The A's inked a deal to play the next 3 seasons---and maybe more--at Sacramento's Sutter Health Park

An A’s game at the Oakland Coliseum. Will be a relic soon.

We’re a week into the 2024 MLB season and the biggest news so far is off the field. Below I explain what just went down with the A’s. And I touch on which teams and players have caught my eye in the early going.

A’s to play in Sacramento in 2025-2027 if not longer

John Fisher, the nepobaby owner of the Oakland A’s, has given so many middle fingers to the City of Oakland that it’s a surprise that finger functions at all.

Fisher gave another middle finger to Oakland today when the A’s announced that the team will play the 2025, 2026, and 2027 seasons—at least—at Sutter Health Park in Sacramento, a minor league ballpark in California’s capital city that currently seats a little over 14,000.

The A’s lease at the Oakland Coliseum expires at the end of this season. And with Fisher’s Las Vegas fever dreams moving at a snail’s pace, the team needed to find a place to play over the next three seasons, at least. Just as he did in negotiations over a permanent home, Fisher talked to Oakland officials, but played them off another city to drive down the price.

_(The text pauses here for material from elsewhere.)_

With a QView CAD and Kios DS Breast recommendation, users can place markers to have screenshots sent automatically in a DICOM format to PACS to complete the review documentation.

According to ABC7 News’ Casey Pratt, Oakland made the following offer to the A’s:

The A’s currently pay just over $1 million a year to lease the Coliseum so that $97 million fee over five years feels very high. (Reportedly the city lowered that number to $60 million last night). But if the A’s stayed in Oakland over the next three or more seasons, the team would likely have continued to receive $67 million each season from NBC Sports California for the right to broadcast A’s games played at the Coliseum, according to John Shea at The San Francisco Chronicle. The A’s reportedly are in talks with the network on a new broadcast deal that will likely be worth much less than $67 million per year.

The field conversion costs relate to changes in the field configuration for the Oakland Roots and the Oakland Souls—men’s and women’s soccer teams in the United Soccer League that will play their 2025-2026 seasons at the Coliseum.

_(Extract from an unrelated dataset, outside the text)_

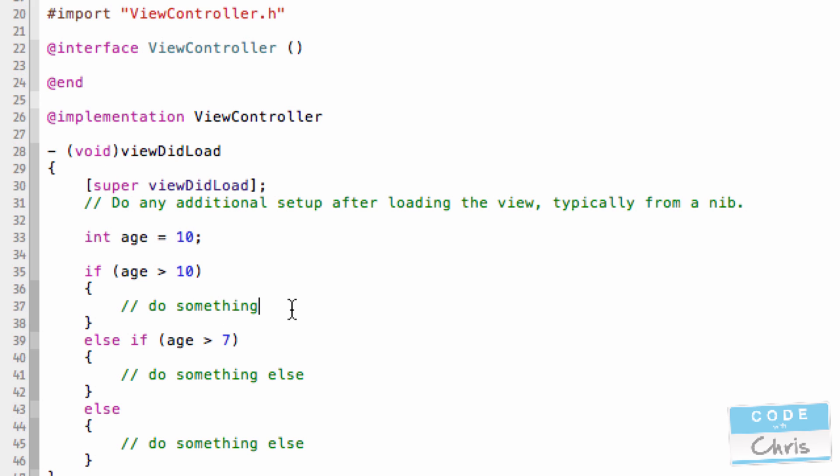Do something if age is over 10. And then this condition, do something else if age is over 7. So when it's checking age, it might, in this example...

The Coliseum stake? Well, Alameda County sold its 50% stake in the Coliseum Complex to the A’s in 2019 when it looked like a redevelopment of the complex for a new ballpark, housing, office, and retail was the best option for keeping the A’s in Oakland. Sitting here in 2024, you just have to shake your head: “What was Alameda thinking???”

They were thinking about getting out of the sports complex business, which hasn’t been particularly successful for Oakland or Alameda. But now John Fisher—after making the decision to decamp for Las Vegas with a stint in Sacramento—controls the City’s ability to redevelop the Coliseum Complex.

It’s sickening.

As to the demands to MLB, I don’t blame Oakland for trying. They thought they finally had some leverage over Fisher and MLB and went for it.

But Vivek Ranadivé had other ideas.

Ranadivé owns the NBA’s Sacramento Kings and Triple-A Sacramento River Cats and is a good friend of Fisher. Ranadivé, with his eyes on MLB expansion, hopes to show the league that Sacramento can support a major league team. Ranadivé swooped in, offered better terms to Fisher on a short-term deal, thereby undercutting Oakland.

Rich guys stick together.

There’s conflicting reporting on where the Sacramento River Cats will play their games while the A’s occupy their ballpark. The Athletic reported that the A’s and River Cats will share Sutter Health Field in 2025. The San Francisco Chronicle reported that the River Cats might play some games at the Coliseum and/or Oracle Park next season. The River Cats are the Giants’ Triple-A team, which would make games at Oracle Park very convenient.

John Shea reported in the Chronicle that A’s players are not pleased. Who can blame them?

The Major League Baseball Players Association must approve A’s deal with Ranadivé because playing at Sutter Health Park will affect the players’ working conditions. According to The Athletic, the union issued a brief statement following the A’s announcement: “The MLBPA has had preliminary discussions with MLB about a range of issues related to the temporary relocation and we expect those discussions to continue.”

This appears to be the end of the road for the A’s and Oakland. Yes, the team will play 74 more home games at the Coliseum this season. But it would take a miracle to imagine this A’s franchise ever playing home games in Oakland after this season. Even if the Las Vegas deal falls apart—and there are good reasons to think it might—the A’s will already have decamped to Sacramento, making the likelihood of a return to Oakland very small.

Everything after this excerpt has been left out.